Rated PG-13 for sexual content and some strong language, 120 minutes
Sweet but talky, overlong "How Do You Know"
I'll let you in on a couple of things before you go to the new romantic comedy "How Do You Know." First, the sweet, leisurely film is too talky for its own good and goes on too long, but its heart in the right place. Second, of all the high-caliber cast in the film, you will enjoy Paul Rudd the most. Yes, you heard that right. Rudd has never been more charming in this very expensive rom com ($120 million, with nearly half of that attributed to salaries of the major players) that has a lot riding on it.
Reese Witherspoon is professional women's softball player Lisa Jorgensen, who finds herself cut from the team and forced to find a new life.

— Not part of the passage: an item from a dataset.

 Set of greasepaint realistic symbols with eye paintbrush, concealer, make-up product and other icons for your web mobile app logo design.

She soon finds herself in a love triangle with a self-absorbed professional baseball player Manny (Owen Wilson), a player on and off the field, and George (Rudd), a schlub from the financial sector who finds himself in legal trouble with his business partner and father (Jack Nicholson).
"How Do You Know" is a warm but overlong, heartfelt rom com that's heavy on the dialogue, unsurprising given the writer and director is noted director James L. Brooks, who over the years has channeled relationships to Oscars ("Terms of Endearment,") to TV cultural icons ("The Simpsons"). "How Do You Know" isn't one of his stronger efforts, but then it isn't a terrible one, either; it's a pleasant but unrevealing piece of puffery with a high-powered, expensive cast and production.

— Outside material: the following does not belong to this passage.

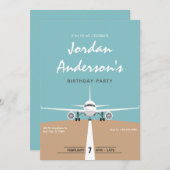 Invitation Anniversaire avion (Devant / Derrière)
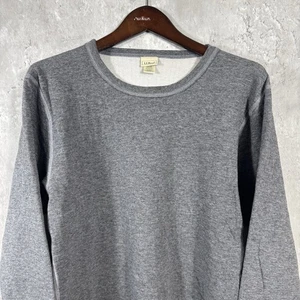 LL Bean Shirt Mens Medium Double Layer Wool Blend Undershirt Gray Long Sleeve - Picture 1 of 5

If "How Do You Know" is a failure (which, given its $120 million price tag, is a strong possibility), the one most to lose will unfortunately be the likable Witherspoon, very pretty here but then it's not a strong women's role, again a surprise from the guy who got an Oscar for keeping peace between Shirley MacLaine and Debra Winger. Brooks' uneven script is one of his most flawed; it spends too much time on the Witherspoon-Wilson relationship (who display little chemistry here) and then Witherspoon's character goes on and on trying to make a decision the audience knows she'll make anyway by the end.

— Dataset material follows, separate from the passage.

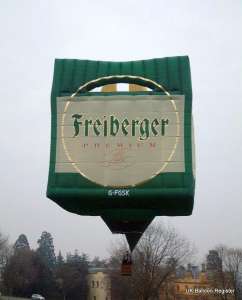 G-FGSK hot air balloon, a Cameron Beer CRATE-120. Photograph by Cameron Balloons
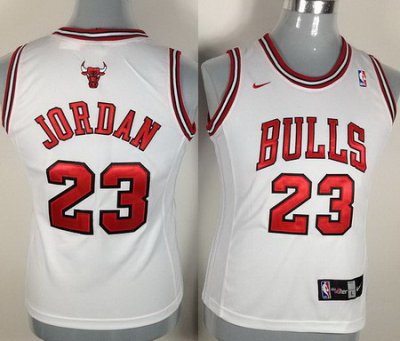 Women Chicago Bulls 23# Michael Jordan White NBA Jerseys Women Chicago Bulls 23# Michael Jordan White NBA Jerseys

Thankfully, the other guy here is charming comic actor Rudd, who's the heart of the film and by far the film's most sympathetic character. Rudd's comic reactions and timings are perfect, and he continues to reveal a versatility that comprable actors would desire (namely Wilson, in another one-note variation of most of the roles he plays). Jack is, well, Jack; fortunately, nearly all of his scenes are with Rudd, and their warmth is the film's most palpable highlight. Nicholson, who's worked with Brooks several times before, also scores the film's biggest laugh (no explanation needed, you will know when that is).
"How Do You Know" is a pleasantly sweet, enjoyable, if not chatty, film. People talk on and on about doing things instead of just doing it and going with the flow. Brooks and company have their heart in the right place, but it tends to stay there too long deciding what to do. Let's hope audiences (and lots of them given its cost) will stay with it too.